The cost-of-living adjustment (COLA) is awarded annually to compensate for inflation over the previous year. It is worked out on a fixed formula based on the cost of a basket of products and the minimum wage.

If these subsidies are removed, COLA will exceed the €25 mark, which would cripple a good number of businesses- Joe Farrugia, Malta Employers Association

Paid by employers as part of their workers’ salary, the COLA has hardly exceeded €4 during the past 10 years, with inflation fairly stable.

This year, however, employers are having to cough up €9.90 a week based on last year’s raging inflation, with many saying they would struggle to keep up.

The projected €13 a week increase for next year has employers even more worried.

“If the current rate of inflation persists, an increase in COLA of €13 for 2024 will definitely have an adverse effect on many businesses,” said Joe Farrugia, director of the Malta Employers Association.

'Unprecedented wage inflation'

“What is even more worrying is that such projections exclude the fact that energy prices are being subsidised.
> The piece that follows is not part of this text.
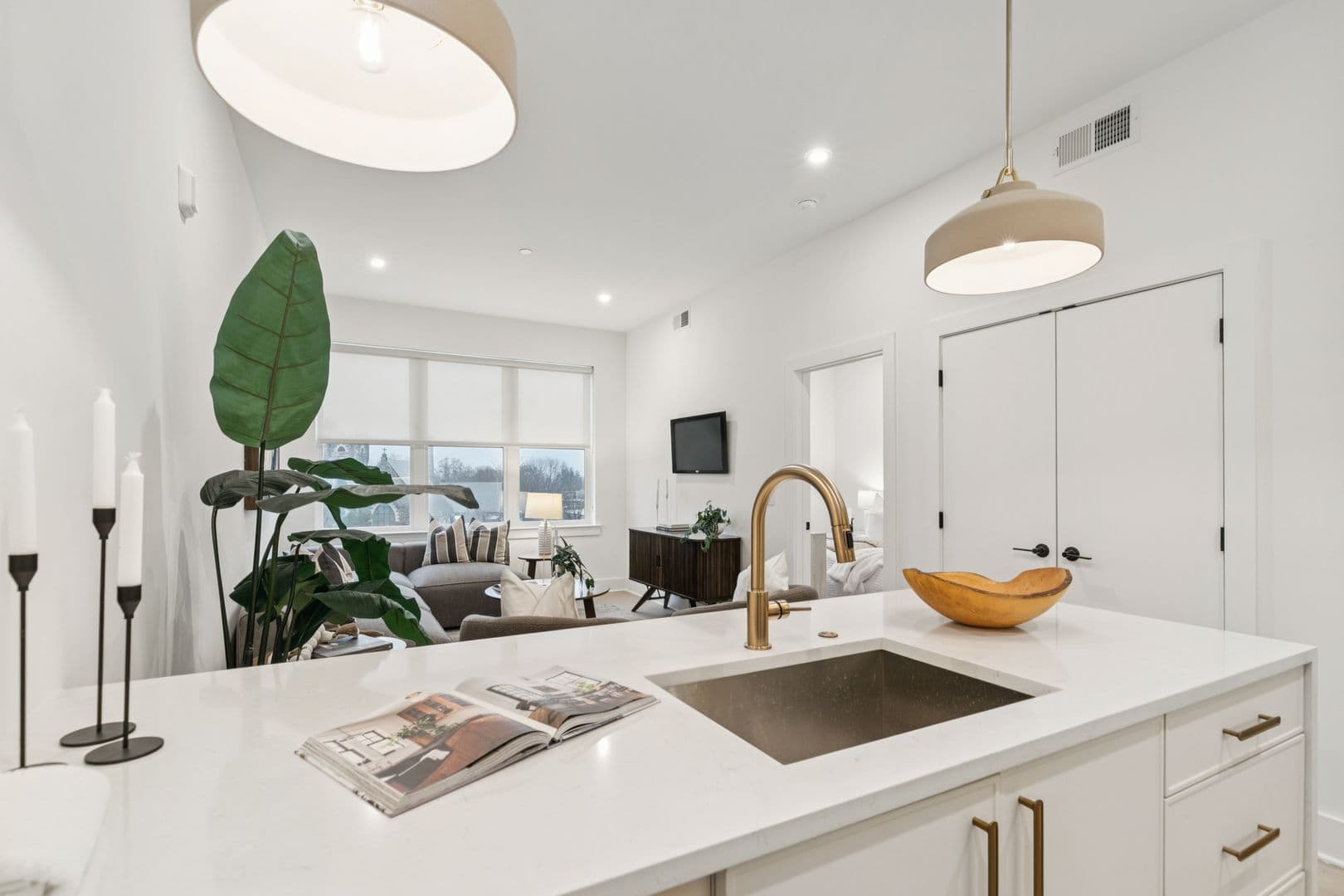 Philadelphia Apartment: 20-30 W Allens Ln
If these subsidies are removed, COLA will exceed the €25 mark, which would cripple a good number of businesses.”

He said these factors, together with pressure to further increase the minimum wage, would result in unprecedented wage inflation that would impact the competitiveness of many companies and fuel further inflation to the detriment of both businesses and consumers.

“The resulting wage price spiral will affect consumers negatively – especially low-wage earners – and could also generate redundancies if it becomes unsustainable,” he warned.
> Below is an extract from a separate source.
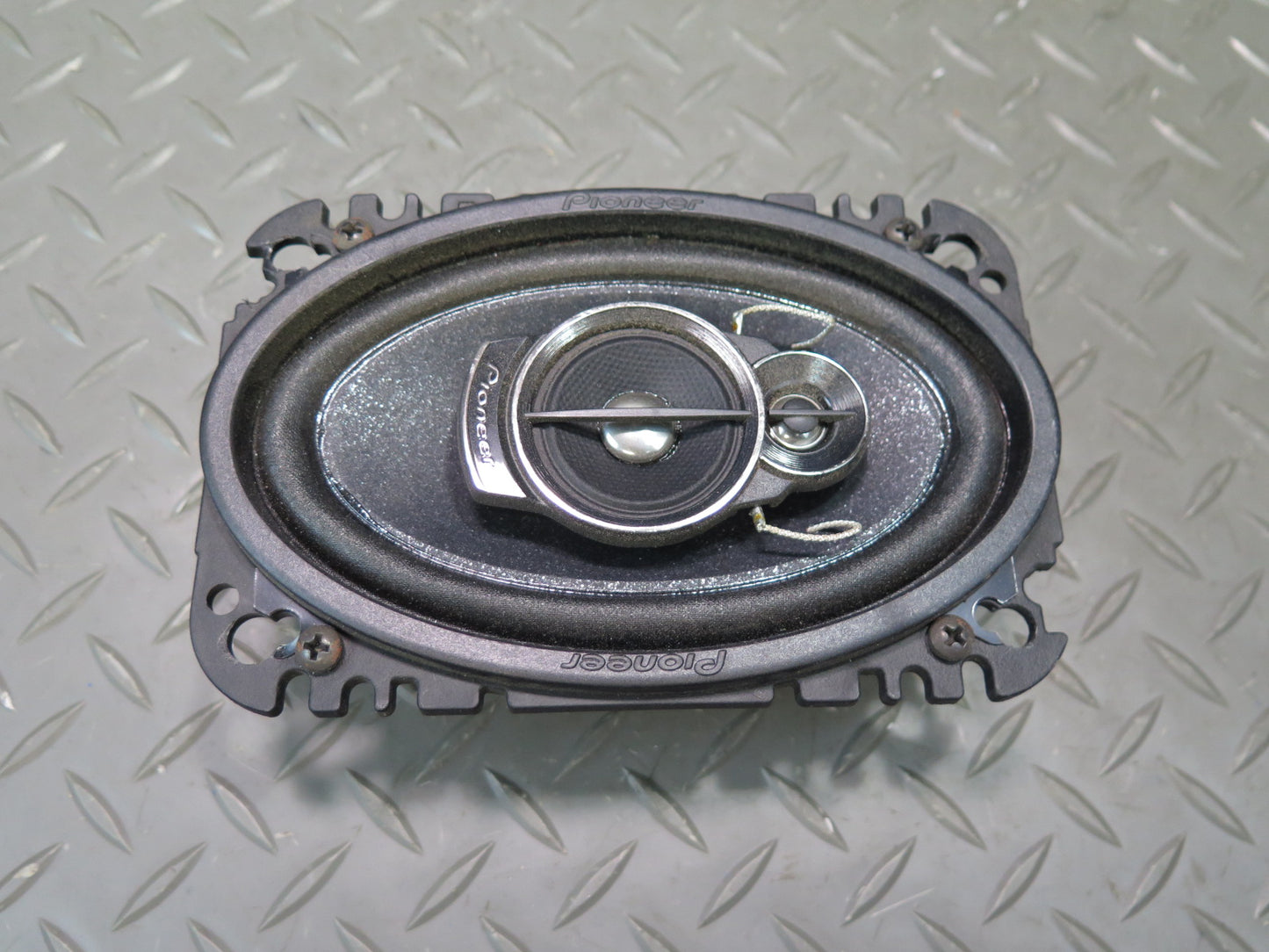 Set of 2 Pioneer TS-A4676R 3-WAY Speaker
Inflation has been spiralling out of control in most countries, especially after the start of the war in Ukraine which brought about price increases in several products as well as increased transportation costs.

While inflation has been more or less under control in recent months, Eurostat figures issued on Wednesday showed that inflation in Malta for March was higher than the Eurozone average: 7.1 per cent compared to 6.9 per cent.

According to figures published by the European Statistics office, inflation in the Eurozone in February stood at 8.5 per cent, a drop of 1.4 per cent over the previous month, while inflation in Malta increased by 0.1 per cent in February.

Compared to March 2022, Malta’s inflation was up by 2.6 per cent while inflation in the Eurozone fell by 0.5 per cent.

'COLA needs to be stabilised'

Farrugia believes that pegging wage increases to the cost of living as calculated for COLA is one of the main contributors to local inflation.

He called for the introduction of a stabilisation mechanism that would leave the calculation of COLA unchanged but would even out the spikes over a number of years.

“This would have hedged the labour market both in times of zero inflation and also during periods of high inflation as we have experienced these last two years. I still believe that what was proposed makes sense in the current circumstances,” he said.

While local importers have largely blamed shipping costs and overseas inflation for the hefty increase in prices, there is a growing sentiment that operators are deliberately inflating prices with no justification other than to boost their profits.